There was at that time a man in Avignon who ruled the destinies of that party which in times of revolution is neither white nor blue, but blood-hued. All these terrible leaders of the South have acquired such fatal celebrity that it suffices to name them for every one, even the least educated, to recognize them. This was the famous Jourdan. Braggart and liar, he had made the common people believe that it was he who had cut off the head of the governor of the Bastille; and so they called him "Jourdan Coupe-Tête." This was not his real name; it was Mathieu Jouve. He was not a Provençal; he came from Puy-en-Velay.
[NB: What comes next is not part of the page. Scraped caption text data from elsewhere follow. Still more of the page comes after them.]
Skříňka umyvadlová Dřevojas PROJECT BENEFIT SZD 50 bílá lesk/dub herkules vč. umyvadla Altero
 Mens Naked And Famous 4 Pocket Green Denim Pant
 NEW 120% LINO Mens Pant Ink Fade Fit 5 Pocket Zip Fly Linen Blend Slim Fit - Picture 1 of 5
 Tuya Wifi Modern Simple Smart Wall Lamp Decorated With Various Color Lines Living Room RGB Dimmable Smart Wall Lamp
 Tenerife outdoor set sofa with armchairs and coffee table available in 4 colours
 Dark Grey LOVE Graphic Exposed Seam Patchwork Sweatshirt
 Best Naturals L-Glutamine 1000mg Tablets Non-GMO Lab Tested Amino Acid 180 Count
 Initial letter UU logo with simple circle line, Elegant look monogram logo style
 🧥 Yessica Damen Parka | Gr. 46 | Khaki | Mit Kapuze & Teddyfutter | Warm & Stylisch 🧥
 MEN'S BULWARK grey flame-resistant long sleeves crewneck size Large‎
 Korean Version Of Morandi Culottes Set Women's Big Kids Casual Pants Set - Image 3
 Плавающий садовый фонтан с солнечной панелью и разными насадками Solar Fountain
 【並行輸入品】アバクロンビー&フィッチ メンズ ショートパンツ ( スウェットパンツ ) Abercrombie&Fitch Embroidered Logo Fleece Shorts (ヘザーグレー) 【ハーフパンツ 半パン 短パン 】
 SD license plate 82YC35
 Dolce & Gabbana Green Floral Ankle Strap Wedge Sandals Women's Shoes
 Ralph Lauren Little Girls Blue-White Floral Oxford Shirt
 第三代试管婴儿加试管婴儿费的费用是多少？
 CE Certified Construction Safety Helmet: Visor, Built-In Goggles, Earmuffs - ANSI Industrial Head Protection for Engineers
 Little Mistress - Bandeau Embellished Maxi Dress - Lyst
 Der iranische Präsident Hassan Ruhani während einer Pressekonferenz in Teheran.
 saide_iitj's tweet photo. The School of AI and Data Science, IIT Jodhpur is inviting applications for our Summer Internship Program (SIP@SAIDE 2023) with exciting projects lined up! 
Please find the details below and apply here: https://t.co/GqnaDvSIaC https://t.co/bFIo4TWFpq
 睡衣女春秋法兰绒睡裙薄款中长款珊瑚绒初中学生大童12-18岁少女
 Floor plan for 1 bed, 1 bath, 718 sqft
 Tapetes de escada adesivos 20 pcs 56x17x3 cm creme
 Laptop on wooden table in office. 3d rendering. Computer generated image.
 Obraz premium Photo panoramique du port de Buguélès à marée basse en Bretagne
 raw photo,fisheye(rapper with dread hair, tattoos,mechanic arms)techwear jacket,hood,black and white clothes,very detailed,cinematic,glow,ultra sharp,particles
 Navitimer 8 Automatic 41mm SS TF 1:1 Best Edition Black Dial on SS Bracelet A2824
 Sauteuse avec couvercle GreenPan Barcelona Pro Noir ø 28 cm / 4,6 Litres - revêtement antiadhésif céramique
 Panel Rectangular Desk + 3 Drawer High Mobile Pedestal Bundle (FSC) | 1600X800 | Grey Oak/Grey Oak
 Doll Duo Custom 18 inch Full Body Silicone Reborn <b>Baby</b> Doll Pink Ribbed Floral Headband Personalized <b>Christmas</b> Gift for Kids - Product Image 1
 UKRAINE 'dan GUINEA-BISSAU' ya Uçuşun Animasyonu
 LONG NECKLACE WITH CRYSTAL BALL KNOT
He had once been a muleteer on the steep heights which surrounded his native town; afterward he became a soldier, without seeing war (war might have perhaps humanized him), then an innkeeper at Paris. At Avignon he dealt in madder.

He assembled three hundred men, took possession of the gates of the city, left half his troops there, and with the rest marched upon the church of the Cordeliers, preceded by two pieces of artillery. He set the battery up in front of the church and fired at random. The assassins dispersed like a flock of frightened birds, some escaping through the windows, others by way of the sacristy, leaving several dead upon the church steps. Jourdan and his men stepped over these corpses and entered the sacred precincts.

There was nothing there save the statue of the Virgin and the unfortunate Lescuyer. He was still breathing, and when they asked him who had assassinated him, he gave the name, not of those who had dealt the blows, but of the man who had given the order to strike.

It was the Comte de Fargas.

Jourdan and his men were careful not to despatch the dying man, for his agony was a most potent means of exciting the people. They took this remnant of pulsating life, which was three-fourths dead, and carried it along, bleeding, panting, with the death-rattle in its throat. They shouted: "Fargas! Fargas! We must have Fargas!"

Every one fled at the sight, shutting doors and windows. At the end of an hour Jourdan and his men were masters of the city. Lescuyer died, and no one knew when he drew his last breath; but it mattered little, for they no longer needed his agony.